01 Sep La Garrotxa : le génie de la résistance

D’eau et de feu, la Garrotxa est née des volcans et des rivières. Opiniâtre, travailleuse, elle est née pour résister et porte haut, très haut, les couleurs catalanes. Il n’’en reste qu’’une, elle sera celle-là. Histoire d’un pays qui ne se rend pas.
Entrer dans la Garrotxa, c’est un peu pénétrer dans un temple : la nature y est mystérieuse et contradictoire. A la courbe douce des volcans, aux cuvettes boisées des calderas parfois ornées d’improbables chapelles, répondent la profondeur des forêts et à la présence têtue de l’eau, déclinée en sources et en zones marécageuses. Une indéfinissable celtitude semble planer sur cette terre dure, montagneuse, aux faux airs d’Auvergne que l’on devine ouverte aux légendes.
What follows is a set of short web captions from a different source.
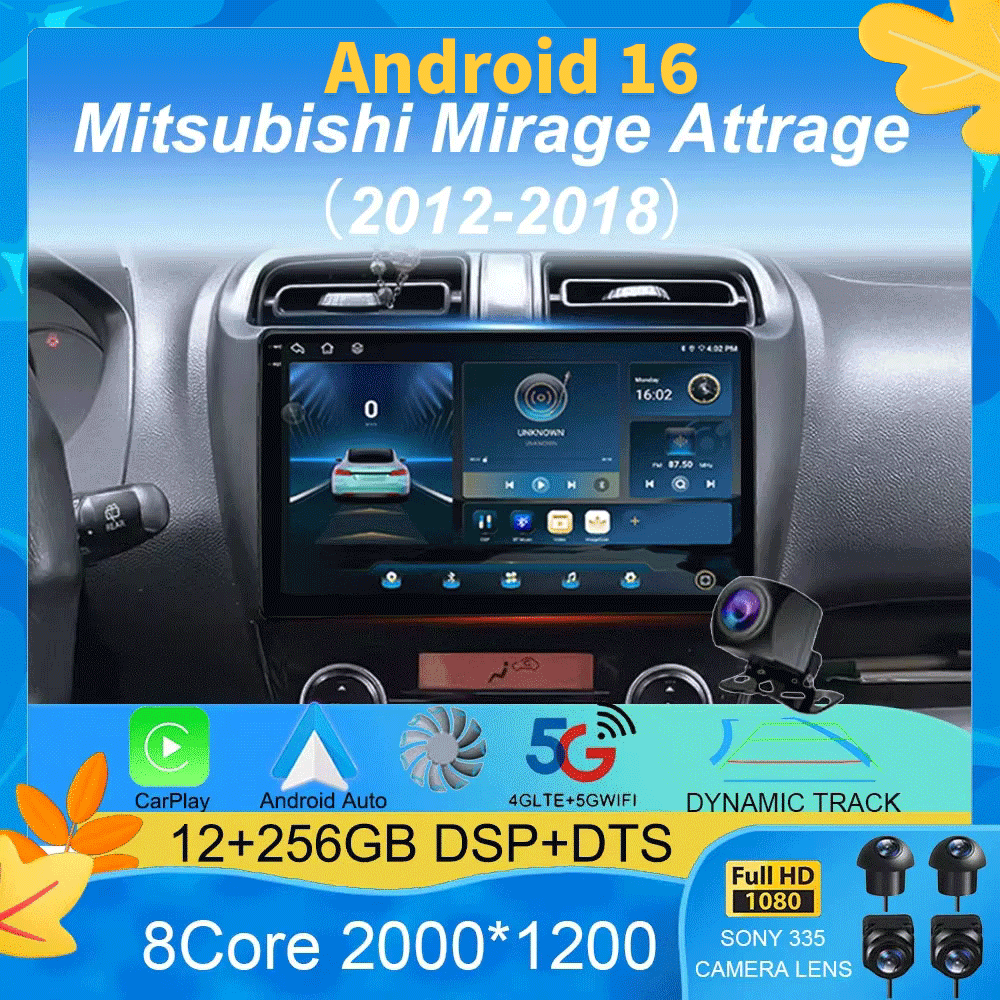 Smart Home Orvibo - Autoradio Android 16 per Mitsubishi Mirage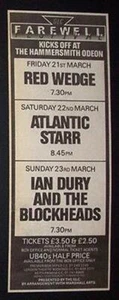 Ian Dury & The Blockheads Hammersmith Odeon 1986 Sm Poster Type Concert Advert - Picture 1 of 1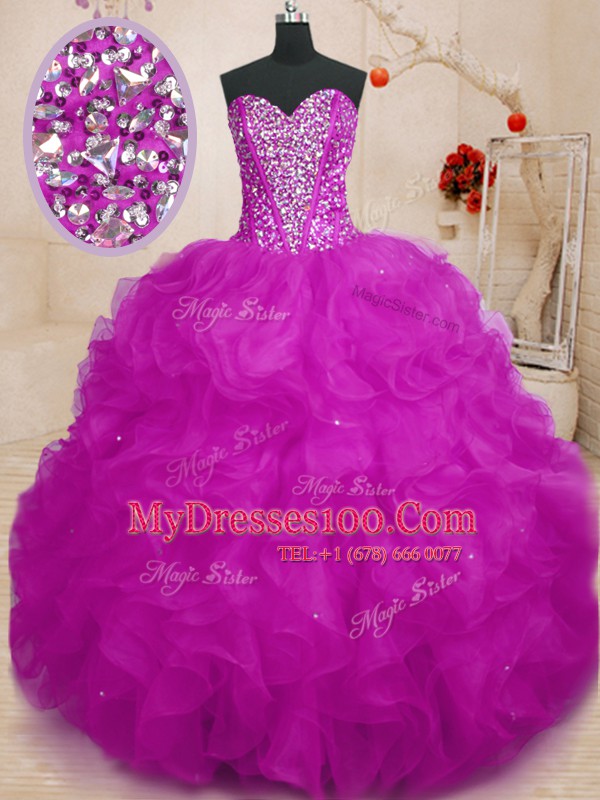 Graceful Floor Length Fuchsia Quince Ball Gowns Organza Sleeveless Beading and Ruffles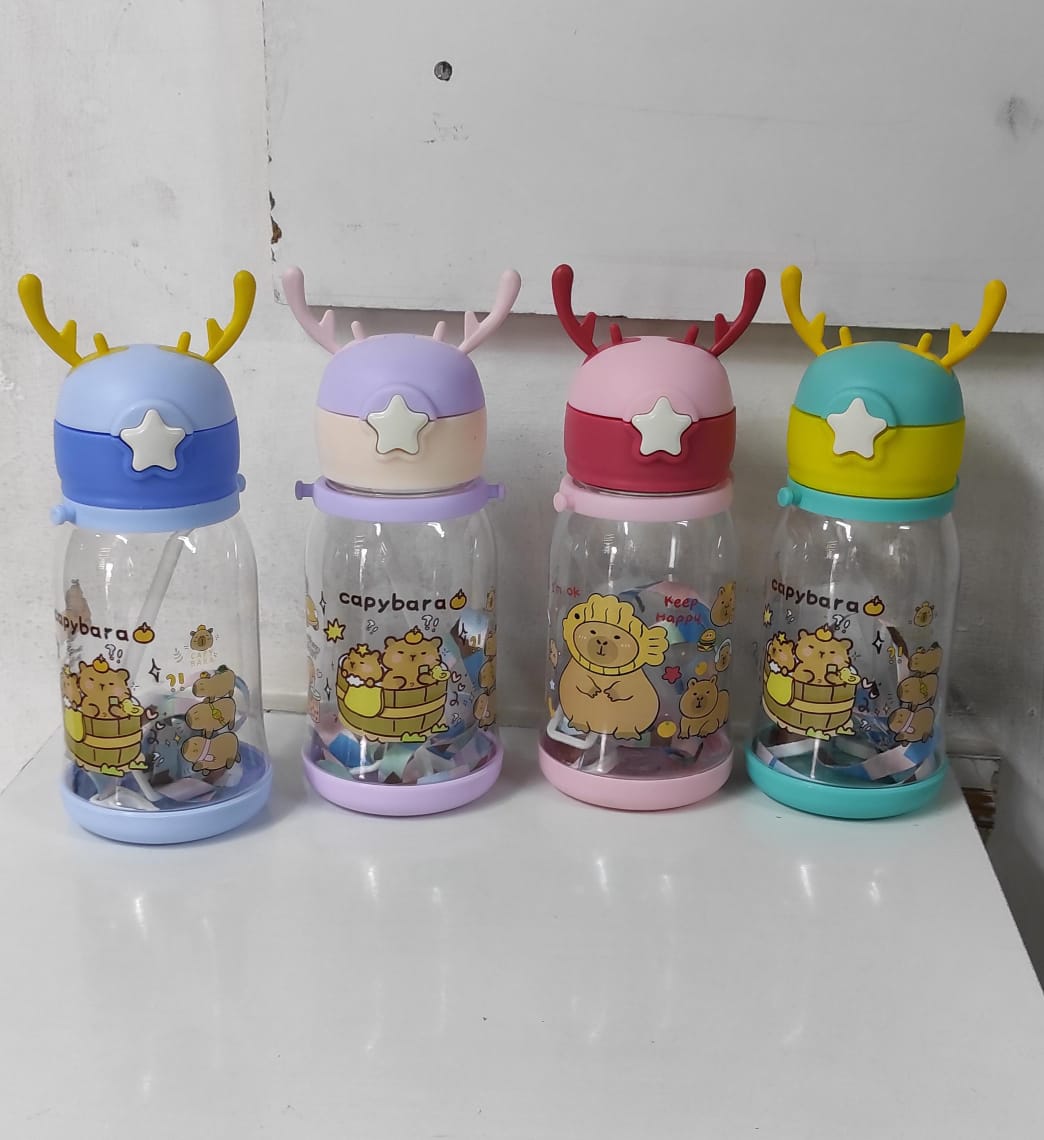 🔥😍Kids' water bottles ,Children's cute cartoon strap water bottles ,Plastic sipper bottles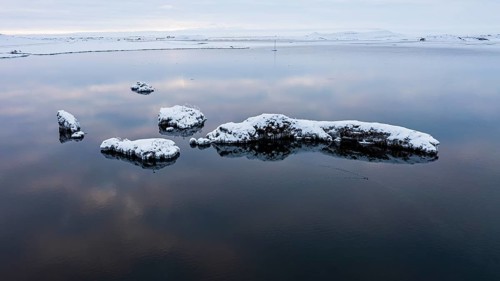 Snow-covered small islands overgrown with bushes in Lake Myvatn, at blue hour, Kalfaströnd, drone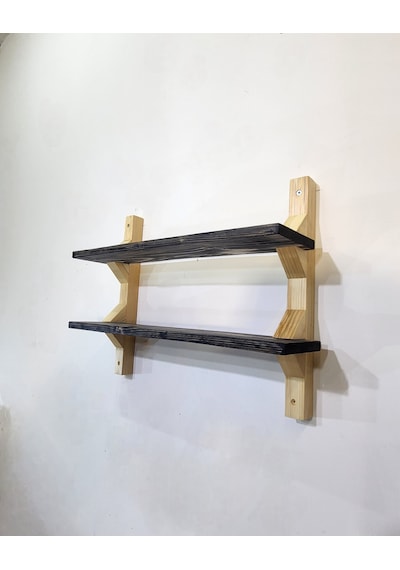Modern 2 Katlı Ahşap Duvar Rafı Dekoratif Masif Ahşap Kitaplık Ve Duvar Rafı Siyah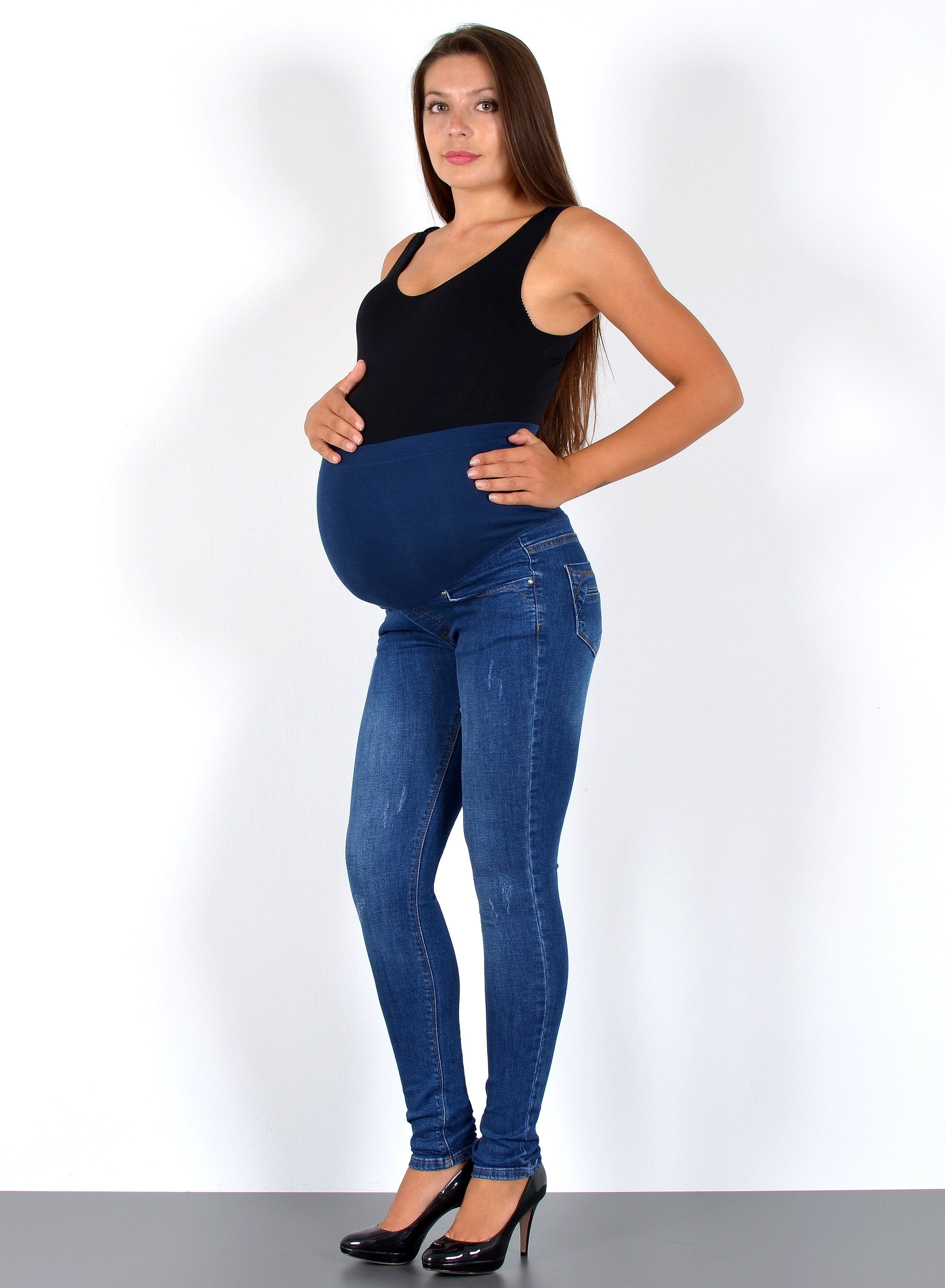 ESRA Umstandsjeans J533 Skinny Fit Schwangerschaftshose mit elastischem Bund, Schwangerschaftsjeans mit hoher Leibhöhe und Stretch, Übergröße / Plussize Große Größe, Umstandshose für Schwangerschaft Skinny, Risse / Destroy Effekte, Maternity Джинси Hose Umstandsjeans Skinny High Waist, mit elastischem Bund, Damen Джинси Destroyed Look, Damen Hose Destroyed Risse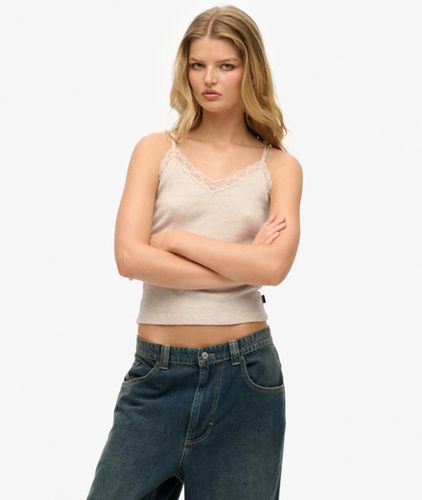 Women's Essential Trägertop mit Spitzenbesatz - Größe: 44 - Superdry - Modalova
Garrotxa8Une force étrange

De ce cirque grandiose de volcans endormis monte une étrange force, tellurique, venue du fond des siècles et du cœur même de la terre. Une force qui a fait les hommes d’ici résistants, têtus et travailleurs : la terre de la Garrotxa sait être généreuse, mais il faut l’aimer, la travailler au corps, s’y adonner. Ici, tout naît d’une noble âpreté, même les maisons sortent de la lave. Ici, rien ne se soumet jamais… D’ailleurs, l’étymologie annonce cette absence de concessions : elle mêle le latin garr (garrigue) et le mozarabe roxa (roche) pour indiquer les noces intimes du minéral et du végétal…

Une terre sans concessions

Amoureux du tiède, passez votre chemin. Ici, les hivers sont si rudes que ma mère, jeune mariée venue du Vallespir, s’exclama au matin devant les champs couverts de gelée : « Espia, ha nevat ! » (Regarde, il a neigé). Quant à l’été, il est torride et sec, et fait du moindre point d’eau une bénédiction : par chance, ils sont innombrables. La transhumance des familles vers les fontaines en fin d’après-midi pour y goûter, est une tradition garrotxina bien ancrée ! Terre de volcans et de mystères, la Garrotxa est aussi une terre d’histoire et elle annonce la couleur.

Romane et médiévale

On pénètre dans la Garrotxa par le Moyen Age et l’incroyable pont de Besalù, à la fois à dos-d’âne et coudé, fermé d’une herse et doté d’un pont-levis, qui enjambe majestueusement le Fluvià, le fleuve roi de la Garrotxa. Une pure merveille gothique. Devant vous, l’un des ensembles historiques les mieux conservés de Catalogne. L’hôpital Sant Julia arbore une magnifique façade du XIIe siècle, l’église romane Sant Vicenç se penche doucement vers le gothique. Un peu plus loin, la Curie Royale et la Collégiale Santa Maria. L’église Sant Pere porte sur sa façade des lions qui terrassent un singe et un homme nu, symbolisant la force de l’église et les forces du mal. La Casa Cornellà, une incroyable maison romane magnifiquement conservée, est un des plus beaux témoignages civils de cet art concomitant de la naissance du pays. Le mystère est ailleurs, presque à fleur de fleuve, là où s’ouvrait la porte du call, réservée aux juifs. Le mikvé, la yeshiva (école) et la synagogue sont encore visitables : ici vivait l’une des plus brillantes communautés juives de Catalogne, indissociable de l’histoire de cette terre.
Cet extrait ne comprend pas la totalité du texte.